January 14, 2016

"The cartoon... would be easy to misread as endorsing rather than satirizing the idea that Aylan Kurdi would have grown up to sexually assault European women."

"As was to be expected, this has sparked yet another round of Twitter debates as to whether these misreadings are the fault of Charlie Hebdo or of oversensitive readers who are unable to grasp satire."

Max Fisher, at Vox, tries to explain this:



Fisher is sure of the point: "Their 'point' here is that European anti-refugee sentiment, when laid bare, ultimately leads to the ridiculous and indeed hateful idea that even Kurdi is a threat to European women."
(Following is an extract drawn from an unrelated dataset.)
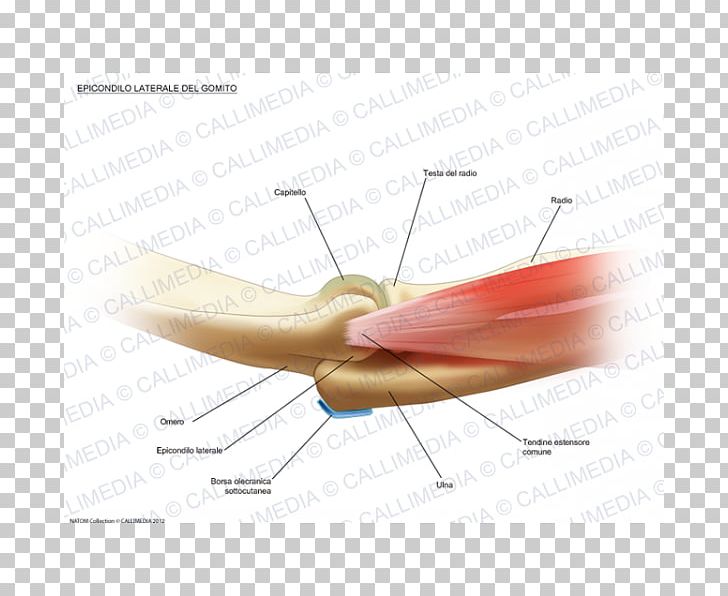 Lateral Epicondyle Of The Humerus Tennis Elbow Medial Epicondyle Of The Humerus PNG, Clipart, Anatomy, Angle, Bone, Elbow, Epicondyle Free PNG Download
I tend to think that those who express themselves through art — including comics art — like ambiguity and layers of meaning and enjoy making everyone uncomfortable. To say I'm sure that the point is the thing that I believe would be the good thing to say is to be an out-and-proud non-artist.

29 comments:

MikeR said...

Fisher is sure of the point? Well, I'm just as sure of the point he tries to say is not there. Is he really sure?

buster said...

"I tend to think that those who express themselves through art ... like ambiguity and meaning and enjoy making everyone uncomfortable."

So what's the point of the cartoon?

That it's reasonable to assume the boy would grow up to be a groper? That it's unreasonable? Both? Neither? We just want to make you uncomfortable?

Ironclad said...

I don't think it would be an unreasonable assumption that someone raised in a culture that has decidedly non-Western attitudes about women would not act out if he grew up even in Europe.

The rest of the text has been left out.